The last sentence from the article I mentioned says "Hybrids have been observed participating in spawning acts in areas that contain clear shallow rocky shoals that are 1 to 3 feet"....

Sounds like L&D to me.


----------



## shadslinger (Aug 21, 2005)

Those are hybrids, I have caught allot of them, hundreds of stripers and thousands of white bass, so with just one look and I can tell.
MDLK, I wish someone would tell us if they had eggs. 
Ever since I caught my first hybrid below the dam years ago I have enjoyed them, they are tremendous fighters, they hit like a freight train and even after a hard fight will go psycho when they see the boat or you on the bank. 
When I guided I would always caution the client not try and land them the first time they brought them to the boat, cause that is when they will break you off with a sudden run. When they turn that big broad side to you in the water and power down they can really pull hard.
The first year I bought my CC boat and started fishing the lake(2000) instead of behind the dam I got lucky and a guy waved me over to where he was catching them at the Lump. He had his 5 by then and told me what to do to catch them. All four of us in the boat limited, and I went back for three more days and did the same. Most were over 5lbs and a couple around 8lb.
I have gone back every summer at the same time to the lump and have never seen them again there, I do catch some at the hump once in a while.
There is a sunshine bass which is a female white bass and a daddy striper X, and then a Palmetto bass which is a female striper and a male white bassX. I read a good article on the differences the other day and will look for it to post a link.


----------



## outdooraggie2011 (Nov 24, 2008)

that is one pig of a hybrid salth2o!!! and what a meat haul James!! That's alot of fish!


----------



## shadslinger (Aug 21, 2005)

http://www.aquanic.org/publicat/usda_rac/efs/srac/300fs.pdf

Oh this is the same one MDLK posted, lol. Anybody here ever seen the white females come to the top and shimmy to release her eggs? In all of my white bass spawn fishing the only place I have ever seen them do that is all the way up White Rock Creek at the shoal.


----------



## Barefoot (Feb 8, 2009)

Man, I wish I was able to stay longer, you guys tore them up! I was at the wrong place at the wrong time (it happens alot)! I was catching a few whites by the bridge on 2" yellow and white curly tails, but it sounds like I should of moved up the river some. 

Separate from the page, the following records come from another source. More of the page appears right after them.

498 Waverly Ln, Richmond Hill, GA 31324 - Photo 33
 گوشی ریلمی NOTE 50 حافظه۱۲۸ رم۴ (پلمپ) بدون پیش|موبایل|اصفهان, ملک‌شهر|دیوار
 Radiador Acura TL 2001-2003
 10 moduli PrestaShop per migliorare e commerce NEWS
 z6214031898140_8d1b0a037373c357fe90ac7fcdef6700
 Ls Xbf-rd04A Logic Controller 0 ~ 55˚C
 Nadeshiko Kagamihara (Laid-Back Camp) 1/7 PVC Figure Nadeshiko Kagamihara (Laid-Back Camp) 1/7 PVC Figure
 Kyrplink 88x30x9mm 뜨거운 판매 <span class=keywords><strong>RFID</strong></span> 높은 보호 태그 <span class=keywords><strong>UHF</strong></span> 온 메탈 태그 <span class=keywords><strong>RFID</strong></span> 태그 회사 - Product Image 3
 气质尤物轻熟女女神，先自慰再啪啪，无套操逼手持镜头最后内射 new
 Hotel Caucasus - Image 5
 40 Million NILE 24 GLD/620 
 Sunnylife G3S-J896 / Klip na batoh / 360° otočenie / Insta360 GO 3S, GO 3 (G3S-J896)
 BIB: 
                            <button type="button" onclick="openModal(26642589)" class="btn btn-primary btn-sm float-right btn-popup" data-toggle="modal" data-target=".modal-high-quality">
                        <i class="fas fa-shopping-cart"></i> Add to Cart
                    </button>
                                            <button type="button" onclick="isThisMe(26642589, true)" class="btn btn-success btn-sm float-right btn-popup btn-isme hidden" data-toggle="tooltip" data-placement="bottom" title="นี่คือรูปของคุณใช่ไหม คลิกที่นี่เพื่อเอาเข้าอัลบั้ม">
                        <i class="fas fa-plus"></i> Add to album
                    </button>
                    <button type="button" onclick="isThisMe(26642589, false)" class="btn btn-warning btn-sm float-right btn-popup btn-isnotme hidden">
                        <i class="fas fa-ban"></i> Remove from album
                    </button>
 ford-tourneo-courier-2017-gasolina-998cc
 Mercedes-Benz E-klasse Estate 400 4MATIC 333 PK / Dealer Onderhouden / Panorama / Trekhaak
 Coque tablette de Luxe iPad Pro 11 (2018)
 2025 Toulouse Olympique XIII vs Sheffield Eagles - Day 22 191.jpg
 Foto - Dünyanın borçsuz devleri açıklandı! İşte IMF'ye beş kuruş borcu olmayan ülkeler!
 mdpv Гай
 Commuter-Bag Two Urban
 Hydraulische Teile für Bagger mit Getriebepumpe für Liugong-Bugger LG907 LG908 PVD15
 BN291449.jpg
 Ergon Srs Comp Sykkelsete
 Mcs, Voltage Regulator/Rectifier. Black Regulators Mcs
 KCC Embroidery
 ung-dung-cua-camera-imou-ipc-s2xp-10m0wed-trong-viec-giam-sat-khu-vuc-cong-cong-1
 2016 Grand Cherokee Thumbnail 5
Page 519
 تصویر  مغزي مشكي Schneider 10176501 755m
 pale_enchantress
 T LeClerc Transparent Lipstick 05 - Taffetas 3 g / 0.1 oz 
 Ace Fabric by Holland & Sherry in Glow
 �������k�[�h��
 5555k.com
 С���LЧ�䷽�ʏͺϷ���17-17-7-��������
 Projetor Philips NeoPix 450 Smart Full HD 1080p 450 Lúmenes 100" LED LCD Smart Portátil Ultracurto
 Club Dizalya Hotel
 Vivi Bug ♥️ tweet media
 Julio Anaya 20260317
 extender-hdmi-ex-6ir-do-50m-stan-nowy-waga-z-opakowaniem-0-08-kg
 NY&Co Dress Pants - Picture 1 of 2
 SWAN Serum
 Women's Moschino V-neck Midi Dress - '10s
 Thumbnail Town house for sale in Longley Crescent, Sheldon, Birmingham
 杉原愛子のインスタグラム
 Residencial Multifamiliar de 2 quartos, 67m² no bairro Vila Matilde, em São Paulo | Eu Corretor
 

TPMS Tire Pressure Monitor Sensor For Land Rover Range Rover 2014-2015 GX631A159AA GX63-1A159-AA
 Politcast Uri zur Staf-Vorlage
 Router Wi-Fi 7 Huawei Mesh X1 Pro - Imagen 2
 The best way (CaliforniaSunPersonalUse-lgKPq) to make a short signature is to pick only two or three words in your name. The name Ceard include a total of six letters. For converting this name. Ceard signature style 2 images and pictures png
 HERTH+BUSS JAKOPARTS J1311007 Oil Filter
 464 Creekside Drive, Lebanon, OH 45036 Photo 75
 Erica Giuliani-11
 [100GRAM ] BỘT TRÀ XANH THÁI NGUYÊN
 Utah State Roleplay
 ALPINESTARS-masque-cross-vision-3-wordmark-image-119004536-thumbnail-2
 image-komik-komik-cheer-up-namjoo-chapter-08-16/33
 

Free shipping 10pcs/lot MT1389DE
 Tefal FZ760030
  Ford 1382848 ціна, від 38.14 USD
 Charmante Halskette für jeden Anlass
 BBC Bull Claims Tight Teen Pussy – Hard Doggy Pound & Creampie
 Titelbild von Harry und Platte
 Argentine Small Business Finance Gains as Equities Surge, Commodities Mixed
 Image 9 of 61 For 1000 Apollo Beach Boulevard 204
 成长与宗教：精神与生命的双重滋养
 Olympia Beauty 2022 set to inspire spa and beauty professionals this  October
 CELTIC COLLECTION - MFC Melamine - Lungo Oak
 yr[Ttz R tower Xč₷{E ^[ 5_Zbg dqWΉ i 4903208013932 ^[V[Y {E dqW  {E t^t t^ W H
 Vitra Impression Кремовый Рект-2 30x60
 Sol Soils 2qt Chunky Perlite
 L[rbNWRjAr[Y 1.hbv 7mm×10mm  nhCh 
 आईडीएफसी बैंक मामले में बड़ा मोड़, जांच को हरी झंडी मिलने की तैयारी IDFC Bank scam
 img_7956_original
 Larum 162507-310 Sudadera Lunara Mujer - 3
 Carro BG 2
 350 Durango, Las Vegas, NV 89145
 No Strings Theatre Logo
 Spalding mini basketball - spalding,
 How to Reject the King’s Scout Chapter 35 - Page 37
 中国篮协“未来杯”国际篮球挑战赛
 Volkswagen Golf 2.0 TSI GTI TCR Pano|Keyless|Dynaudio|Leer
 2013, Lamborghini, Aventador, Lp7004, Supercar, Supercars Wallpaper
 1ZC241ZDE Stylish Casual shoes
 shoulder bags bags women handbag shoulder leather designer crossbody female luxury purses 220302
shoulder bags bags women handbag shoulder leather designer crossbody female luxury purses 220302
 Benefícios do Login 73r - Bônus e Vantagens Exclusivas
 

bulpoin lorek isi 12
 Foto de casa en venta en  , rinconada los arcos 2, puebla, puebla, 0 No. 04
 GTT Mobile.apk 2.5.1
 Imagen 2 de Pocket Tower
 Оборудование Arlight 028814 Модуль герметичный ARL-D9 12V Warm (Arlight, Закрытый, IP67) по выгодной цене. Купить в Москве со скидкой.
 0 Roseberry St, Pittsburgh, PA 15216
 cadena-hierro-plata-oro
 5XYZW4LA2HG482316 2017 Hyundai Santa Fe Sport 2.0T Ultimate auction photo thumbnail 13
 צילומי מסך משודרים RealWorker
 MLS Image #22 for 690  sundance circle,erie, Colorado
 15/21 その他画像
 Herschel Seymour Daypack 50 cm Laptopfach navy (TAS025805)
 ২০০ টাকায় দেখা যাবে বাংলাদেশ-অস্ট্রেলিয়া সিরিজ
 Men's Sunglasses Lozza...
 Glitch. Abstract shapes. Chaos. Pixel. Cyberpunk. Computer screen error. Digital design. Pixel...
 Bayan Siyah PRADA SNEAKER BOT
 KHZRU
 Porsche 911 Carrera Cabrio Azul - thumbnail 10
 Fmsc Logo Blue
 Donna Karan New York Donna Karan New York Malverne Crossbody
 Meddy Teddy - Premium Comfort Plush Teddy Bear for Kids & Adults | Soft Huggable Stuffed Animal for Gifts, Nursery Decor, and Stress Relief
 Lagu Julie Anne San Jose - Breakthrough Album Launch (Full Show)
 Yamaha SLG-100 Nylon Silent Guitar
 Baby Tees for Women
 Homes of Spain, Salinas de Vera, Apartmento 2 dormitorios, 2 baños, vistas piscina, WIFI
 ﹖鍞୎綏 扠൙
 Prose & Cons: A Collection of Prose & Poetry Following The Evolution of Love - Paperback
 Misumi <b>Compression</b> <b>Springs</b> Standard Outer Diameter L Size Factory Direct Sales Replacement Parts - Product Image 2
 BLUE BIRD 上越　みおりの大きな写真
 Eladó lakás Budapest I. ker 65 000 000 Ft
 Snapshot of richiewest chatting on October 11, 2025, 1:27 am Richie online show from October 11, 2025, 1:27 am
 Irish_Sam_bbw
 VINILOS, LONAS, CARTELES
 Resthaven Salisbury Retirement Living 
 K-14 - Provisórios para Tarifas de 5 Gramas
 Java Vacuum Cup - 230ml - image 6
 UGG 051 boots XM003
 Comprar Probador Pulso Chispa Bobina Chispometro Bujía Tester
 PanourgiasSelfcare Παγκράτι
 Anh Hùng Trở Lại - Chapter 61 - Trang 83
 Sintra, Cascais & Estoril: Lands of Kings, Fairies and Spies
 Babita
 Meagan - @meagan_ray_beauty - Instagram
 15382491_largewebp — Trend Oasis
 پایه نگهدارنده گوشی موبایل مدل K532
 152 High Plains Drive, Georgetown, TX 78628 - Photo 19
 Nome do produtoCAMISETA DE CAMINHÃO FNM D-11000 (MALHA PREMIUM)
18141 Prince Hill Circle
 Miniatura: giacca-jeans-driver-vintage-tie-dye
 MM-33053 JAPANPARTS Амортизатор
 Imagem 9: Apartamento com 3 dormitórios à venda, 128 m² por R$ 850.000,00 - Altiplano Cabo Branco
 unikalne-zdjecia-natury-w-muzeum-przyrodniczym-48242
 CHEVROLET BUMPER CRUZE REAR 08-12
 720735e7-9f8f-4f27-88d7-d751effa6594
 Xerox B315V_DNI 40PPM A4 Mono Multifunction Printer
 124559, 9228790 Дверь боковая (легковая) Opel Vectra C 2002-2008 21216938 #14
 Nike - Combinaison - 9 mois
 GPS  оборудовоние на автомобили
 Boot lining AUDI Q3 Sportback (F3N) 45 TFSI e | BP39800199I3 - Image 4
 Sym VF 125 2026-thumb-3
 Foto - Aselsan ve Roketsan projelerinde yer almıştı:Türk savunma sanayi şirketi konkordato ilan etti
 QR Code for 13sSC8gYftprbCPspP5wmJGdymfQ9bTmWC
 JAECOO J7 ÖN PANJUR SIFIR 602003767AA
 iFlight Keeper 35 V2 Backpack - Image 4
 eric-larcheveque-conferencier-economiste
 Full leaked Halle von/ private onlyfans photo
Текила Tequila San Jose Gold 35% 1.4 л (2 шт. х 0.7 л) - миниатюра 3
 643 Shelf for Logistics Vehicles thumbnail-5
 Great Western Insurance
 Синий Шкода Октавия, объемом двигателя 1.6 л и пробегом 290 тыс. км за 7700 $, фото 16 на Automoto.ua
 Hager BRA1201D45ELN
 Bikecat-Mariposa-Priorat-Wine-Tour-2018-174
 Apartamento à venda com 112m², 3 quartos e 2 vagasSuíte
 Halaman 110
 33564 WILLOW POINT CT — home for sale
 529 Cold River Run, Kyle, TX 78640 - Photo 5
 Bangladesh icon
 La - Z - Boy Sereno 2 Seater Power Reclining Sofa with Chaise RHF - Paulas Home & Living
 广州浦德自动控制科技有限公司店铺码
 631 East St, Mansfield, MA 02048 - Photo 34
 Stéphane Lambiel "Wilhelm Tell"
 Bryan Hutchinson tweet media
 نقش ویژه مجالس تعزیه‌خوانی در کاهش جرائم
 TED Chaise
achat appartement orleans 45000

I hope I can make it out there again this weekend if I get a chance.


----------



## james1279 (Jul 9, 2007)

I let my buddies have my hybrids just because the whites are easier to clean, but I did keep one of my hybrids and it did have eggs. I'll ask my buddy tommorow if the others had eggs. I've have also been told the hybrids will lay their eggs like any other fish but the eggs are sterile and will never hatch.


----------



## johnmyjohn (Aug 6, 2006)

Interesting you guys bring up the subject, my fishing buddy and I were talking about the hybrids last year. We've fished every Jan. or Feb. for four days since 92 and we both fished the L and D area since 72 and Like the bald eagles we started seeing the birds and catching these fish on a regular basis starting around 2000. The first eagle we saw was around 95 and after that it was old hat, the stripers are becoming more common to the point in the last few years we caught 2-3 average a day, and we are r and r fishing for catfish. Shadslinger, you mentioned TPWD doesn't stock these fish so these fish have to be reproducing. We didn't pay attention to the stripers and the difference between the hybrids but we have been catching hybrids to the most part.


----------



## Gluconda (Aug 25, 2005)

Can someone tell me where L&D is located at? How far from Houston is it? Thanks!


----------



## genemu (May 23, 2004)

Interesting discussion here. In addition, *Lots* of Stripers and perhaps a few Hybrids were caught in Trinity, East and West Galveston Bays in 2008. A few Stripers have been around the upper Trinity Bay for years but nothing like recently unless you go back to the early 1900s. Maybe they will make a real come back to their salt water home.


----------



## capn (Aug 11, 2005)

Unreal to see the hybrids in the Trinity. I have caught a bunch of hybrids on Conroe, and in the springtime they will definitely have eggs. But my understanding was that they are sterile. I have seen both stripers and white bass come from the Trinity during the run, but never hybrids? Had never heard of them in Livingston either.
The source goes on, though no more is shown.